#### Extracted records
##############################

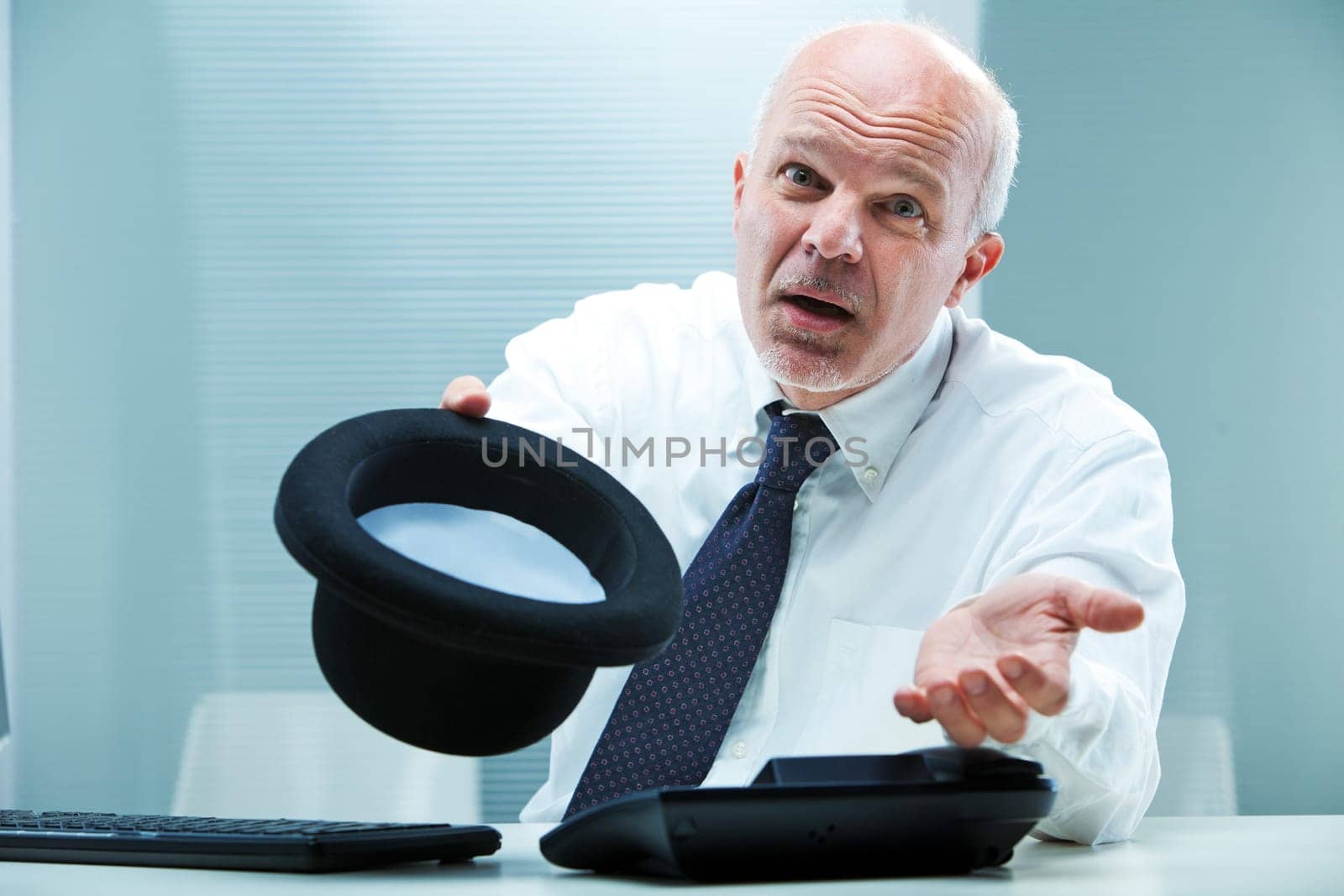 A business man reaching out his bowler asking to give hima a handout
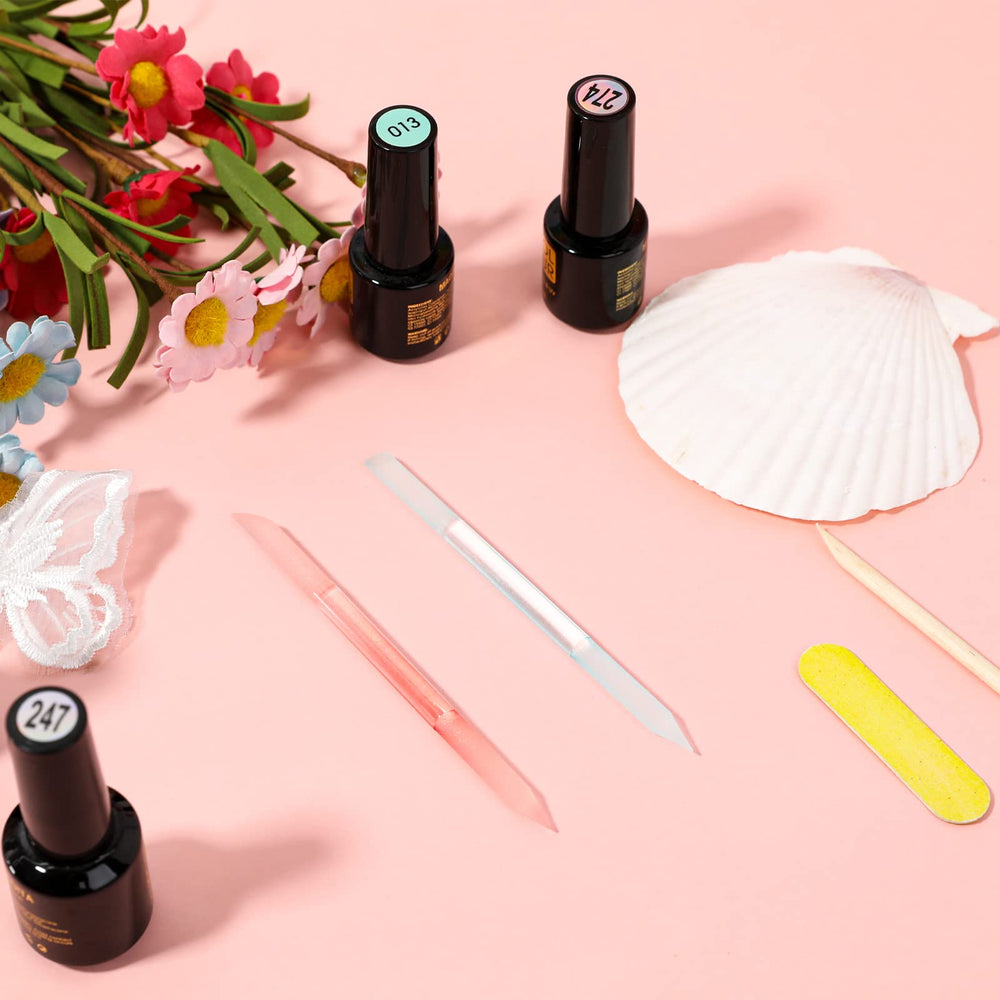 Sliverdew glass cuticle pusher in use on natural nails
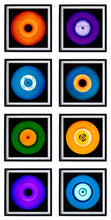 Load image into Gallery viewer, Photograph by Heidler and Heeps. Eight colourful vinyl records in black frames sit vertically, 2 x 4.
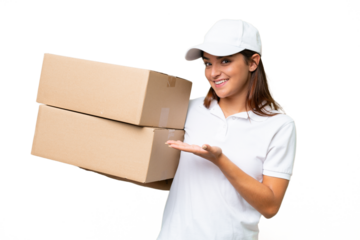 Delivery caucasian woman holding boxes isolated on green chroma background extending hands to the side for inviting to come
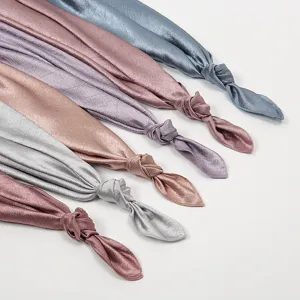 Detail view of crinkled satin long scarves showcasing smooth fabric texture and exquisite knot design.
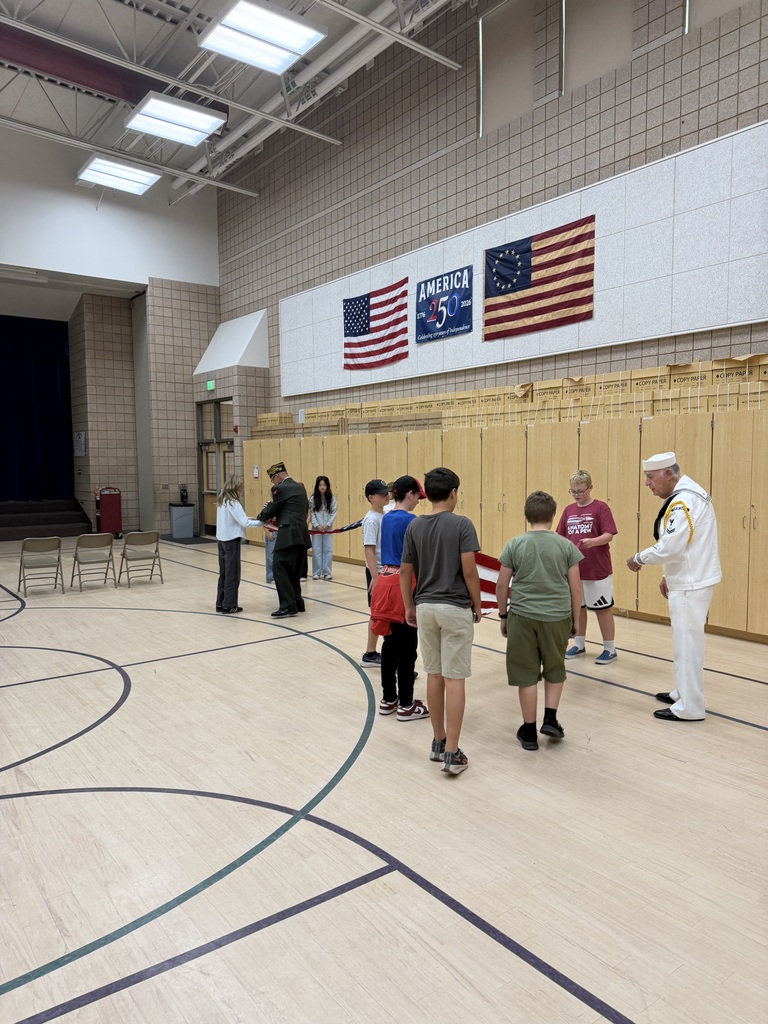 action shot of service members helping students fold the american flag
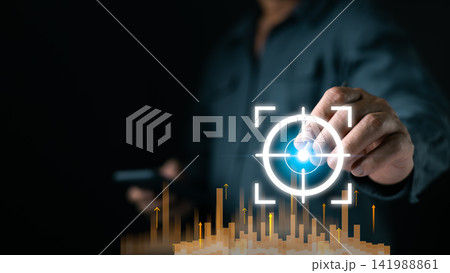 A person interacts with a glowing digital target interface above rising data bars, highlighting analytics precision and modern strategy in a dark tech focused setting boosting future tech growth. A person interacts with a glowing digital target interface above rising data bars, highlighting analytics precision and modern strategy in a dark tech focused setting boosting future tech growth. 141988861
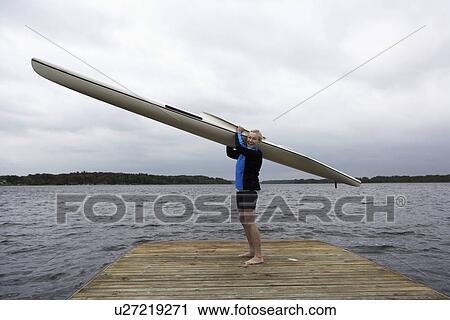 Stock Image - Middle-Aged Woman with Kayak Standing by Lake. Fotosearch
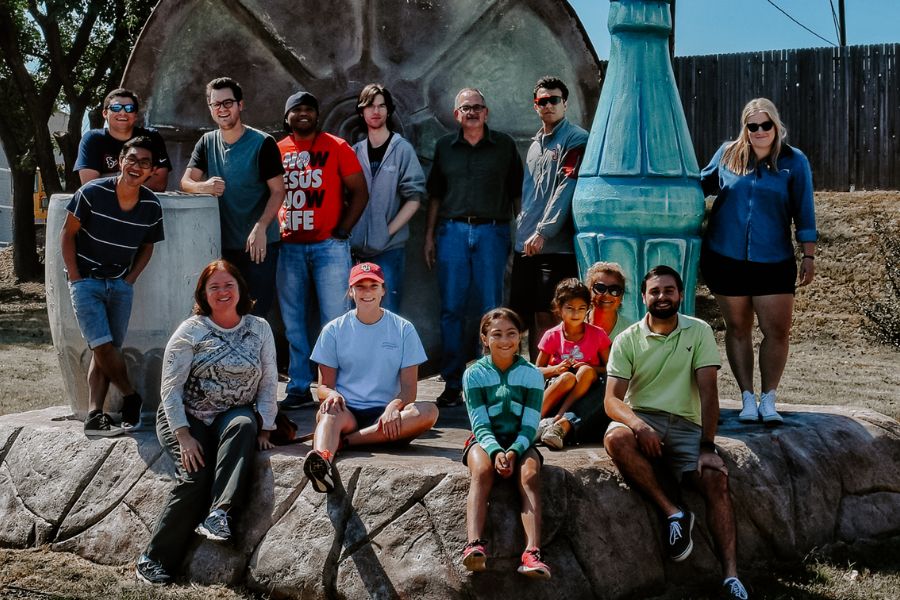 a group of environmental design studnets posing for a picture on a rock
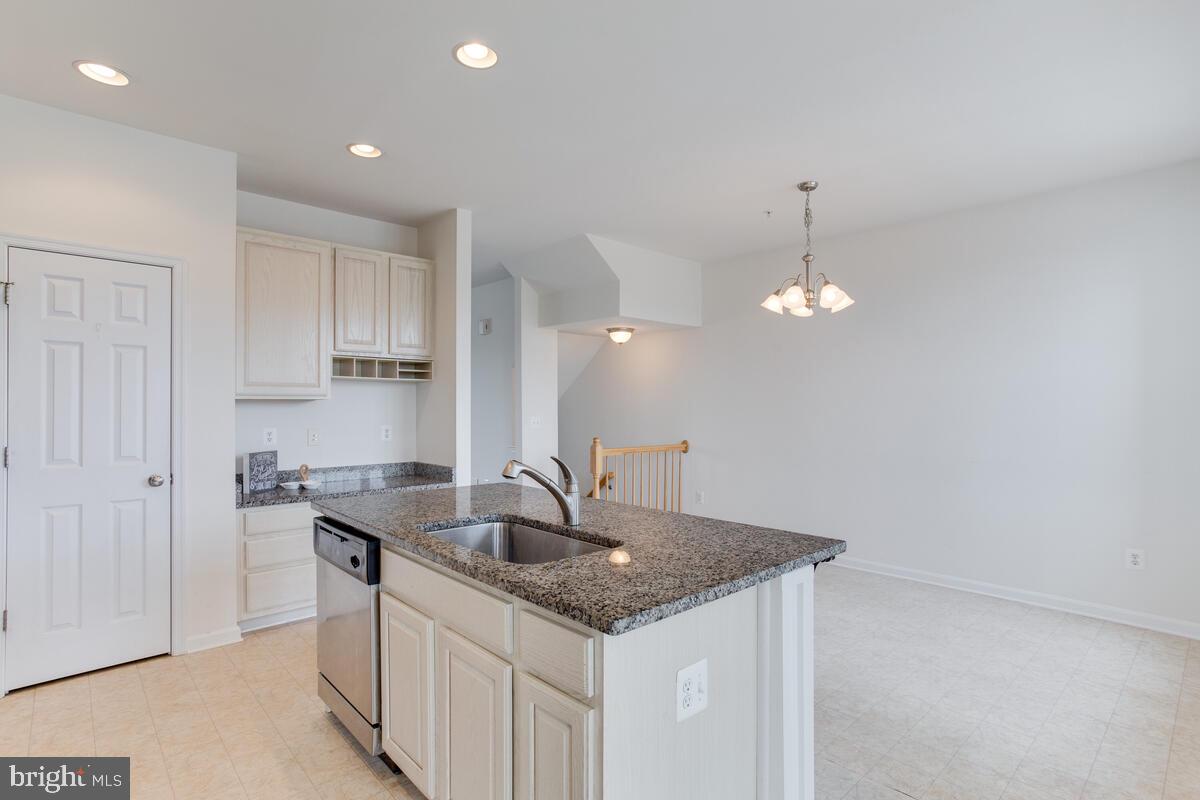 102 Backstretch Way Prince Frederick, MD 20678 - Photo 9 of 44 a kitchen with granite countertop a sink and cabinets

##############################

#### Assigned task
After removing the pictures, repeat the remaining records exactly.

#### Completed exercise
 A business man reaching out his bowler asking to give hima a handout
 Sliverdew glass cuticle pusher in use on natural nails
 Load image into Gallery viewer, Photograph by Heidler and Heeps. Eight colourful vinyl records in black frames sit vertically, 2 x 4.
 Delivery caucasian woman holding boxes isolated on green chroma background extending hands to the side for inviting to come
 Detail view of crinkled satin long scarves showcasing smooth fabric texture and exquisite knot design.
 action shot of service members helping students fold the american flag
 A person interacts with a glowing digital target interface above rising data bars, highlighting analytics precision and modern strategy in a dark tech focused setting boosting future tech growth. A person interacts with a glowing digital target interface above rising data bars, highlighting analytics precision and modern strategy in a dark tech focused setting boosting future tech growth. 141988861
 Stock Image - Middle-Aged Woman with Kayak Standing by Lake. Fotosearch
 a group of environmental design studnets posing for a picture on a rock
 102 Backstretch Way Prince Frederick, MD 20678 - Photo 9 of 44 a kitchen with granite countertop a sink and cabinets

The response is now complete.